Lykos dio un paso al frente. Sus ojos destellaban con una determinación salvaje mientras hundía su cuchilla alfa en la runa opuesta. De la herida brotó su sangre roja, vibrante, que manchó el grabado con un fulgor ardiente. Podía sentir cómo su linaje ancestral respondía al ritual, desplegando su fuerza como un río desbordado. El eco de su acción retumbó en la sala, y el aire se tensó como la cuerda de un arco a punto de romperse. Inspiré hondo, y en un parpadeo tracé dos runas más, dejando que mi sangre completara los trazos con un chisporroteo de energía que quemaba el aire a nuestro alrededor.

El tiempo pareció ralentizarse. Cada sonido —el latir de mi corazón, la respiración de Lykos, el golpeteo del viento contra el faro— se volvió nítido y lejano a la vez. La magia nos rodeaba como un océano invisible.

—Ya está hecho. Ahora… el sellado final —anuncié, dejando que mi voz adoptara el tono solemne que exigía el momento.

Avancé hacia el centro del círculo, sintiendo cómo el calor aumentaba, como si la sala estuviera viva. La daga pesaba más en mi mano, y el aire vibraba con una tensión que me erizaba la piel. Cerré los ojos y pronuncié la invocación ancestral, las palabras transmitidas a través de generaciones de guardianes y hechiceros:

“Luna sangrienta, colmillo voraz, garras unidas, ungid el camino.

Que el corazón sellado repela la niebla hasta el fin de los tiempos.”

Las runas respondieron al instante, liberando un pulso de luz tan intenso que tuve que entrecerrar los ojos. El suelo tembló, un rugido grave recorrió los cimientos, y sentí —muy por debajo— el Corazón del Abismo despertar. No con violencia, sino con un lamento profundo, como si reconociera nuestra voz. Afuera, la niebla retrocedió por un instante, tanteando su derrota con cautela. Una ráfaga entró por el ventanal, trayendo consigo el aroma salobre del mar abierto, recordándonos lo diminutos que éramos frente a la inmensidad.

Lykos se acercó, colocó una mano en mi hombro y dejó que su calor atravesara la tela de mi capa. El contacto fue breve, pero cargado de significado. En silencio, por telepatía, intercambiamos un único pensamiento: Primera prueba, superada. El verdadero desafío… apenas empieza.

En su mirada, dura y ardiente, vi reflejado mi propio peso: el pacto estaba sellado, pero la amenaza seguía respirando ahí fuera.

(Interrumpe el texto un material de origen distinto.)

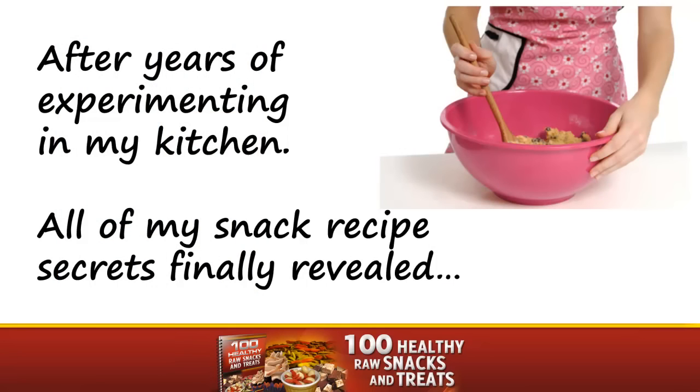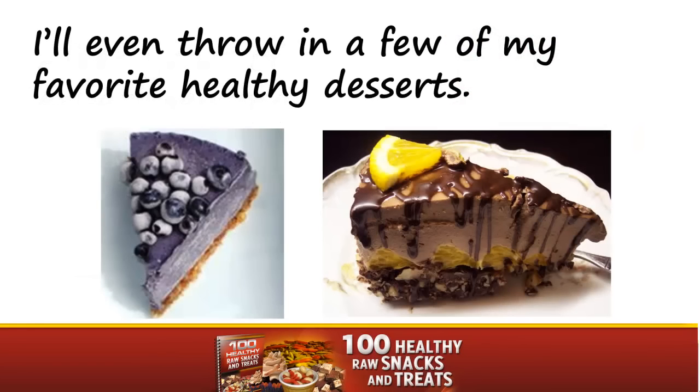After years of experimenting in my kitchen, all of my snack recipes are finally revealed. I'll even throw in a few of my favorite healthy desserts.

—Buen trabajo, Amara —susurró, con un hilo de voz que aun así cargaba orgullo—. Esta noche hemos ganado un respiro.

Asentí, aunque sentía que cada músculo me temblaba por la tensión acumulada. Dejé caer la daga sobre la piedra, el sonido metálico resonando como un cierre definitivo. Me incorporé y noté las figuras que se movían en la penumbra: consejeros vampíricos y lobunos, testigos del acto. Sus miradas, afiladas como cuchillas, eran un recordatorio de que lo que acabábamos de hacer era apenas el inicio.

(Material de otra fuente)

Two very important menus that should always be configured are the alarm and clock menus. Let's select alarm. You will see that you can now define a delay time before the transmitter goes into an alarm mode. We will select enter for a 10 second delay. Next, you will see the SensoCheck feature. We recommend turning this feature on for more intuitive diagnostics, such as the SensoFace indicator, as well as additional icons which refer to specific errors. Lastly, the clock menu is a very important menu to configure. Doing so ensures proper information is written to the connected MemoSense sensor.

—Hoy no habrá celebración —dije, con una leve sonrisa que buscaba romper la rigidez—. Mañana nos espera la Senda Hundida. Descansad… y preparaos.

Bajamos juntos del altar. Afuera, la Luna Carmesí seguía colgada sobre nosotros, testigo impasible. La niebla aguardaba en los bordes de la noche, paciente, como un depredador que mide el momento exacto para atacar. Pero por esta noche, al menos, habíamos ganado. Una victoria pequeña, pero vital.

Y en el silencio que siguió, supe que el verdadero pulso aún estaba por librarse.